■ **WORK TO COMPLETE**
Return the line containing "design by AamirKhan" and every line beneath it through the end of the entries below, unchanged. Pictures stay out.

■ **RECORDS PROVIDED**
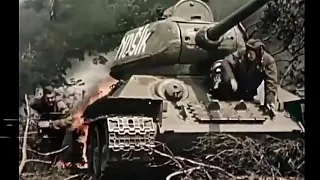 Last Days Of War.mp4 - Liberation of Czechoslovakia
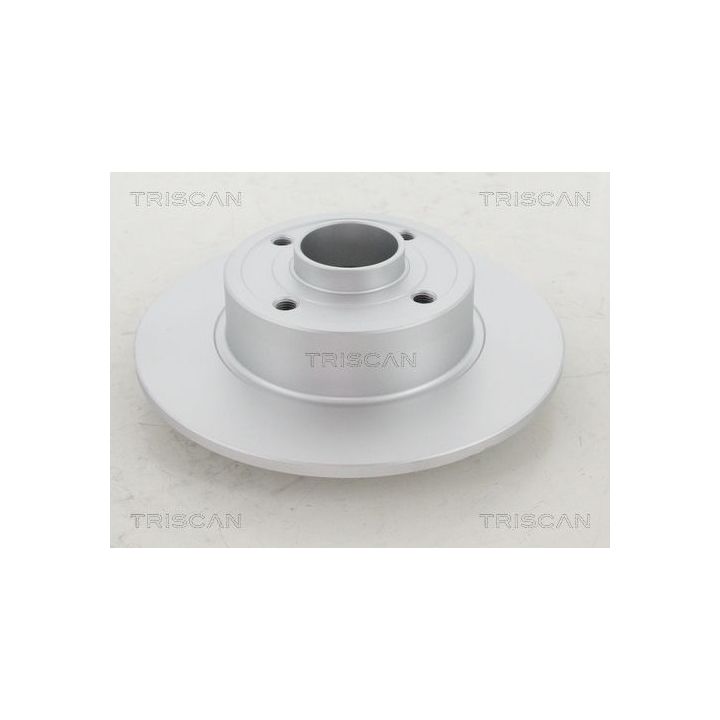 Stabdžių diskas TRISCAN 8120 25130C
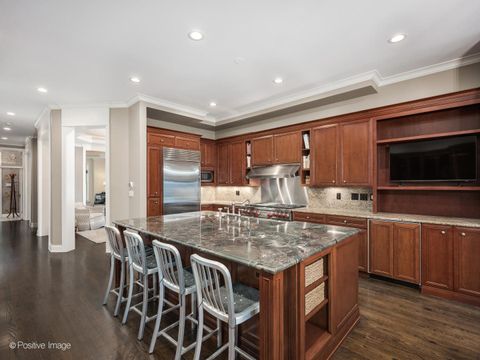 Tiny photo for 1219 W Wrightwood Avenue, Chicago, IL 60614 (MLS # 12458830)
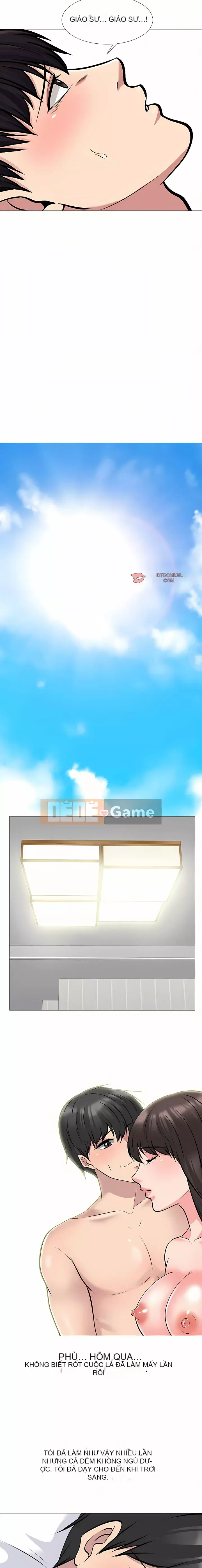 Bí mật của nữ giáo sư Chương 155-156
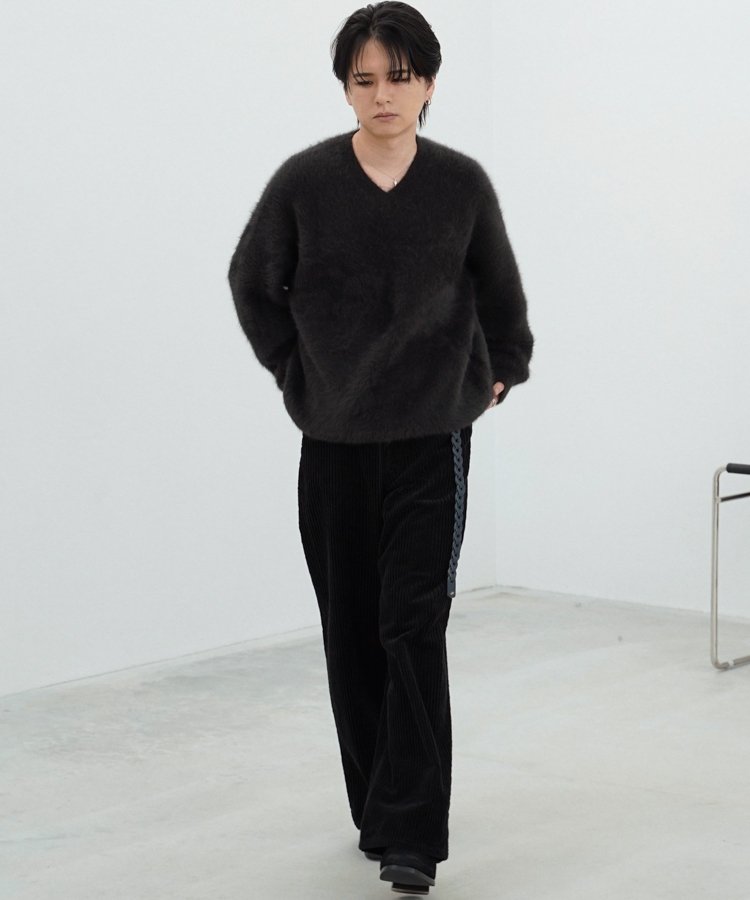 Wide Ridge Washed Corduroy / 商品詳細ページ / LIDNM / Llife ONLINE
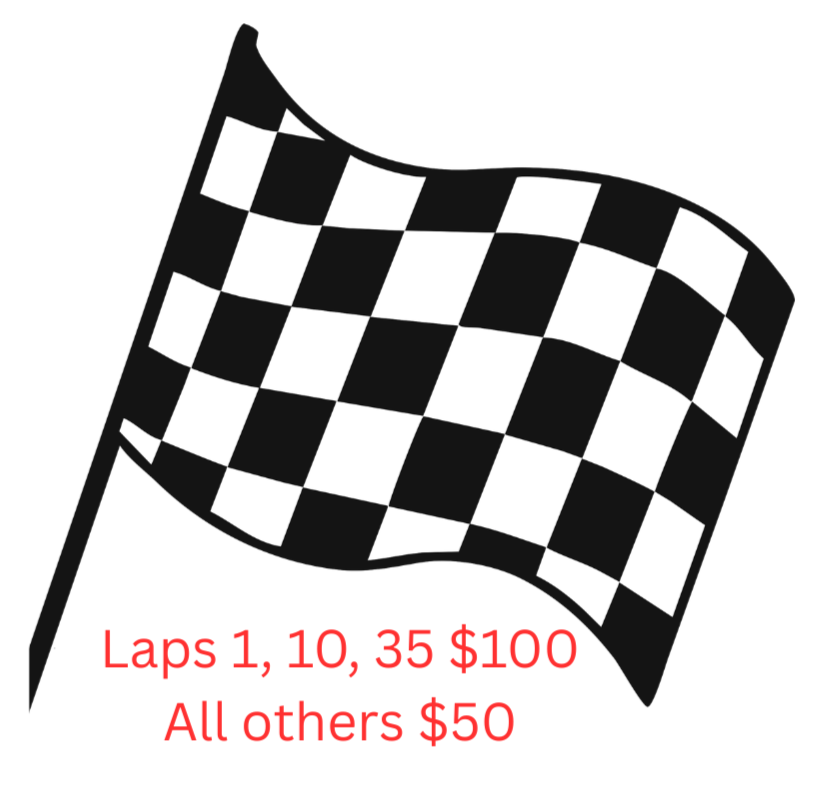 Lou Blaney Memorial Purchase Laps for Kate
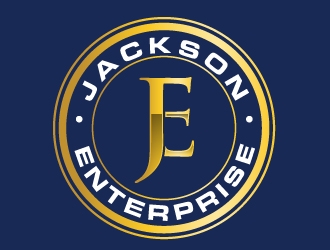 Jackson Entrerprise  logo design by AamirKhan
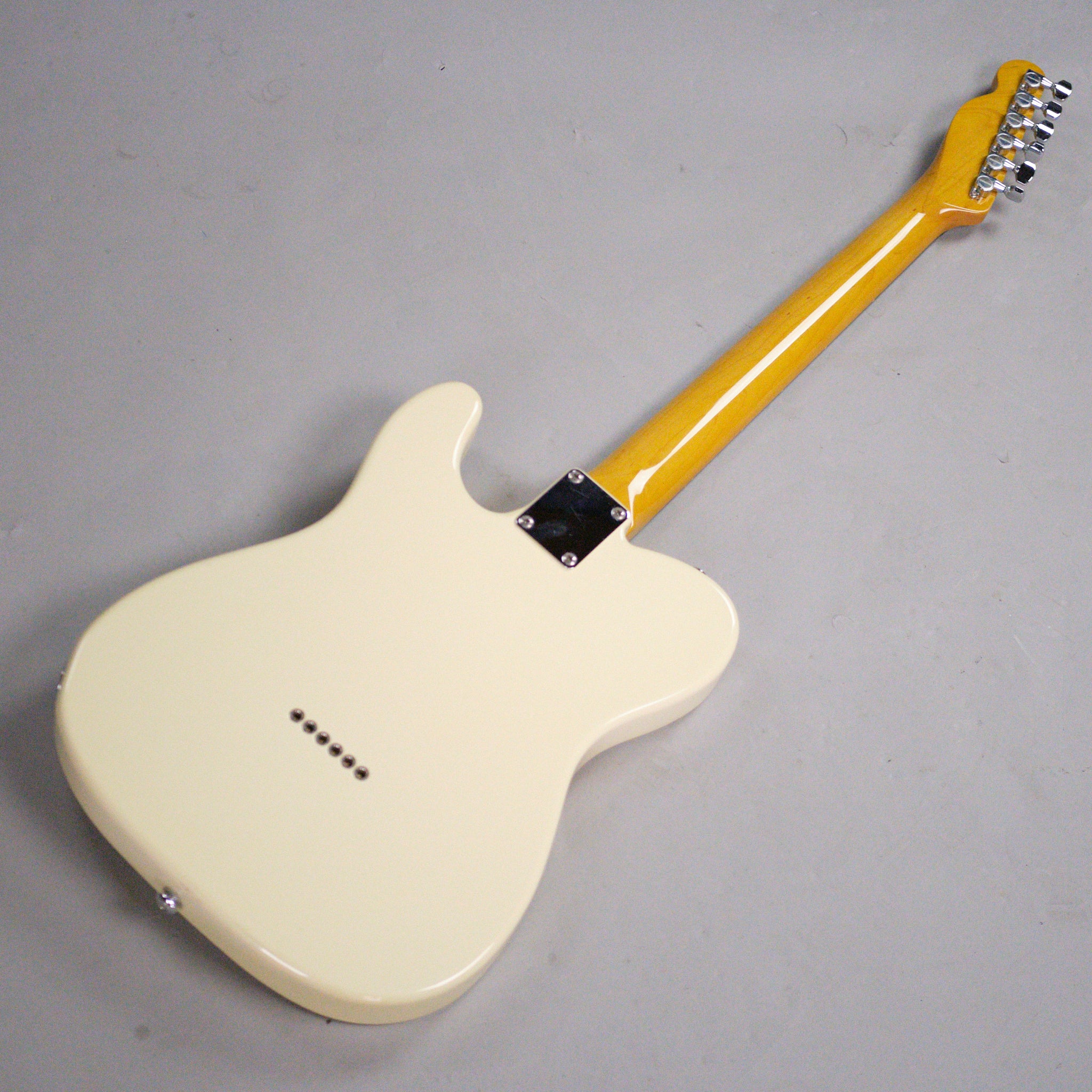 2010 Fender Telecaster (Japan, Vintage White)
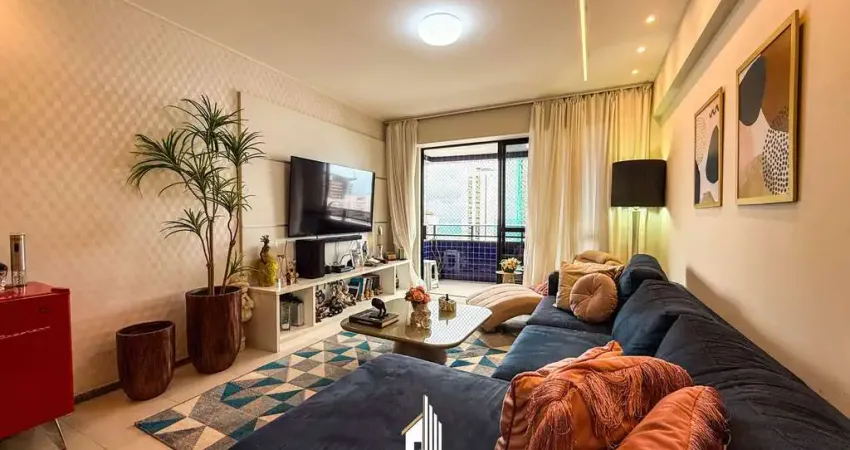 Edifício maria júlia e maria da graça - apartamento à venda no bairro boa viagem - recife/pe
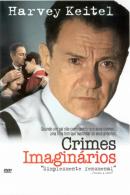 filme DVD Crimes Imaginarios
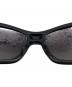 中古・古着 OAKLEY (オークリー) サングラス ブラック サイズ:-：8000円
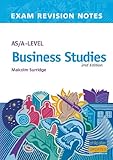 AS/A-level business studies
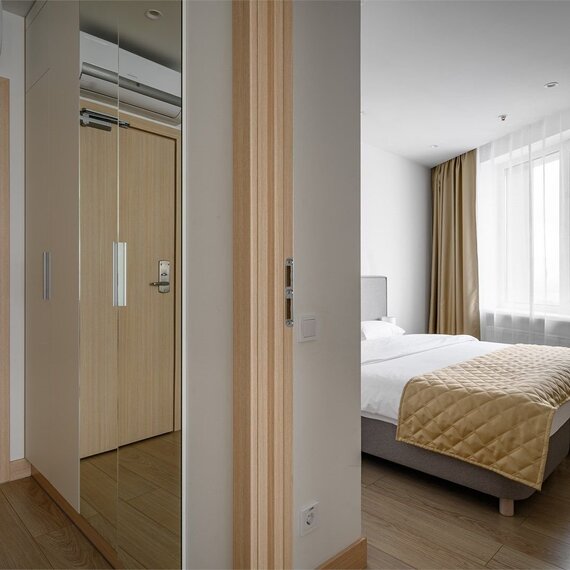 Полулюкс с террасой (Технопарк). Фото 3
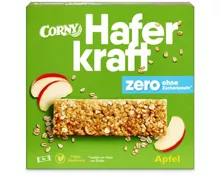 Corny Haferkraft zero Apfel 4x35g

■ **EXERCISE RESULT**
 Jackson Entrerprise  logo design by AamirKhan
 2010 Fender Telecaster (Japan, Vintage White)
 Edifício maria júlia e maria da graça - apartamento à venda no bairro boa viagem - recife/pe
 filme DVD Crimes Imaginarios
 中古・古着 OAKLEY (オークリー) サングラス ブラック サイズ:-：8000円
 AS/A-level business studies
 Полулюкс с террасой (Технопарк). Фото 3
 Corny Haferkraft zero Apfel 4x35g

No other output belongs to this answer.